If decompounding with tools like Wordbreak fails, you’re left with only one option: rewrite such queries. For this use case Querqy's “Replace Rewriter” was developed. However, because searchhub picks the spelling with the better KPIs: like queries with low exitRates or high clickRates, we solve such problems automatically.
Dealing with Compound Words within the Data
Assume “basketball” is the term of the indexed products. Now if a user searches for “ball” he would most likely see the basketball inside the result as well. In this case the decomposition has to take place during indexing in order to have the term “ball” indexed for all the basketball products. This is where neither Querqy nor searchhub can help you (yet). Instead you have to use a decompounder during indexing and make sure to index all decompounded terms with those documents as well.
In both cases however, typos and partial singular/plural words might lead to undesirable results. This is handled automatically with searchhub’s query analysis.
How to Handle Significant Semantic Terms
Terms like “cheap”, “small”, and “bright” most likely won’t match any useful product related terms inside the data. Of course they also have different meanings depending on their context. A “small notebook” means a display size of 10 to 13 inches, while a small shirt means size S.
With Querqy you can specify rules that apply filters depending on the context of such semantic terms.
small notebook => FILTER: * screen_size:[10 TO 14] small shirt => FILTER: * size:S
But as you might guess, such rules easily become unmanageable due to thousands of edge cases. As a result, you’ll most likely only run these kinds of rules for your top queries.
Solutions like Semknox try to solve this problem by using a highly complex ontology that understands query context and builds such filters or sortings automatically based on attributes that are indexed within your data.
With searchhub we recommend redirecting users to curated search result pages, where you filter on the relevant facets and even change the sorting. For example: order by price if someone searches for “cheap notebook”.
Terms in Context
A lot of terms have different meanings depending on their context. Like a notebook could be an electronic device or a paper device to take notes. A similar case for the word “mobile”: on its own the user is most likely searching for a smartphone. But in the context of the words “disk”, “notebook” or “home” , completely different things are meant.

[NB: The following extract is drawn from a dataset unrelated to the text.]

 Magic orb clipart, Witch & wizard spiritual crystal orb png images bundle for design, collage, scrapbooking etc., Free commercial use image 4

Also brands tend to use common words for special products, like the label “orange” from “Hugo Boss”. In a fashion store this might become problematic if someone actually searches for the color “orange” in combination with other terms.

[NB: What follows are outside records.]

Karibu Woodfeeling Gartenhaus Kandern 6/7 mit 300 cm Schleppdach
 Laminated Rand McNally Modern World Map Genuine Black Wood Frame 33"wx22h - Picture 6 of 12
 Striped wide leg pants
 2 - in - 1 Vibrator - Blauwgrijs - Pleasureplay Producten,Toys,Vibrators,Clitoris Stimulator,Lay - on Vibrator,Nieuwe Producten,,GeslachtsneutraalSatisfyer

Next, broad queries like “dress” need more context to get more fitting results. For example a search for “standard women’s dresses” should not deliver the same types of results as a search for “dress suit”.
There is no specific problem about it and thus also no specific way to solve it. Just keep it in mind when writing rules. With Querqy you can use quotes on the input query to restrict it to be only for term beginnings, endings or full query matches.

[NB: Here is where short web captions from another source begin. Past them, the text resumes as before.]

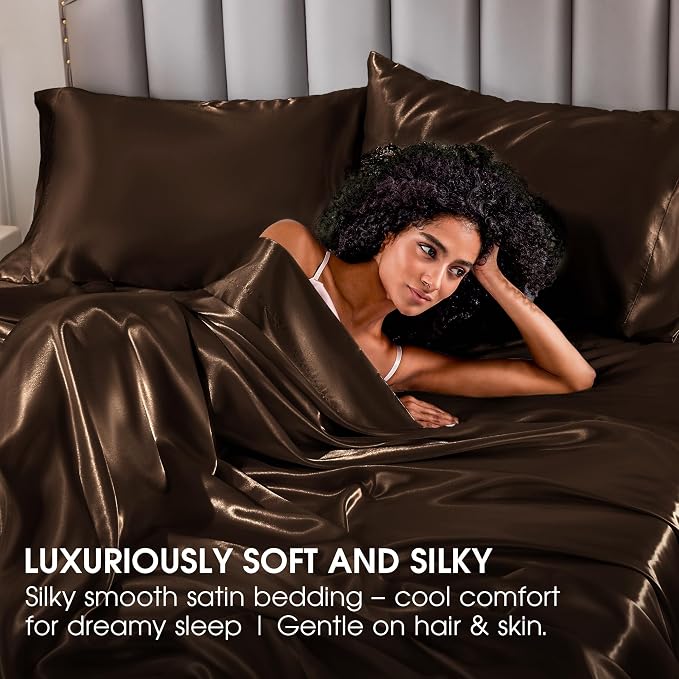 FreshCulture Satin Sheets Queen Size Bed Set- 4 Piece Luxury Soft Silky Queen - Image 6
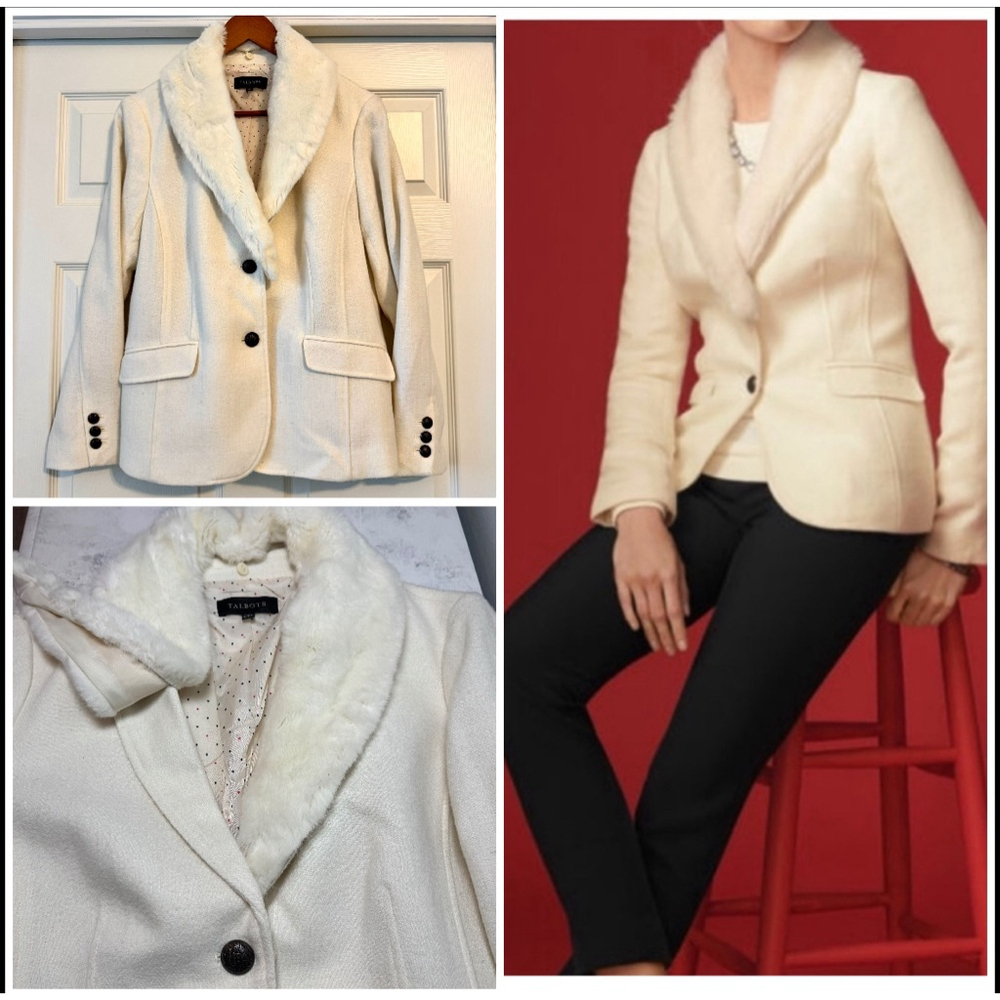 Talbots Cream Faux Fur Blazer Jacket Size 14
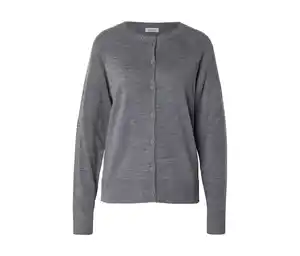 Merino-Cardigan, grau meliert
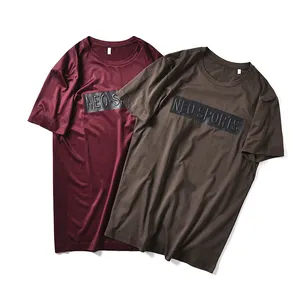 Camiseta masculina de cor sólida, estendida em lyocell, gravação 3d, impressão em relevo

With quotes around the input, the rule only matches the exact query 'dress':
"dress" => FILTER: * title:dress
With a quote at the beginning of the input, the rule only matches queries starting with 'dress':
"dress => FILTER: * title:dress
With a quote at the end of the input, the rule only matches queries ending with 'dress':
dress" => FILTER: * title:dress
Of course this may lead to even more rules, as you strive for more precision to ensure you’re not muddying or restricting your result set. But there’s really no way to prevent it, we’ve seen it in almost every project we’ve been involved: sooner or later the rules get out of control. At some point, there are so many queries with bad results that it makes more sense to delete rules rather than add new ones. The best option is to start fixing the underlying data to avoid “workaround rules” as much as possible.
At first glance, term matching is easy. But language is difficult. And this post merely scratches the surface of it. Querqy, with all the different rule possibilities, helps you handle special cases. searchhub locates the most important issues with “SearchInsights”. It also helps reduce the amount of rules and increase the impact of the few rules you do build.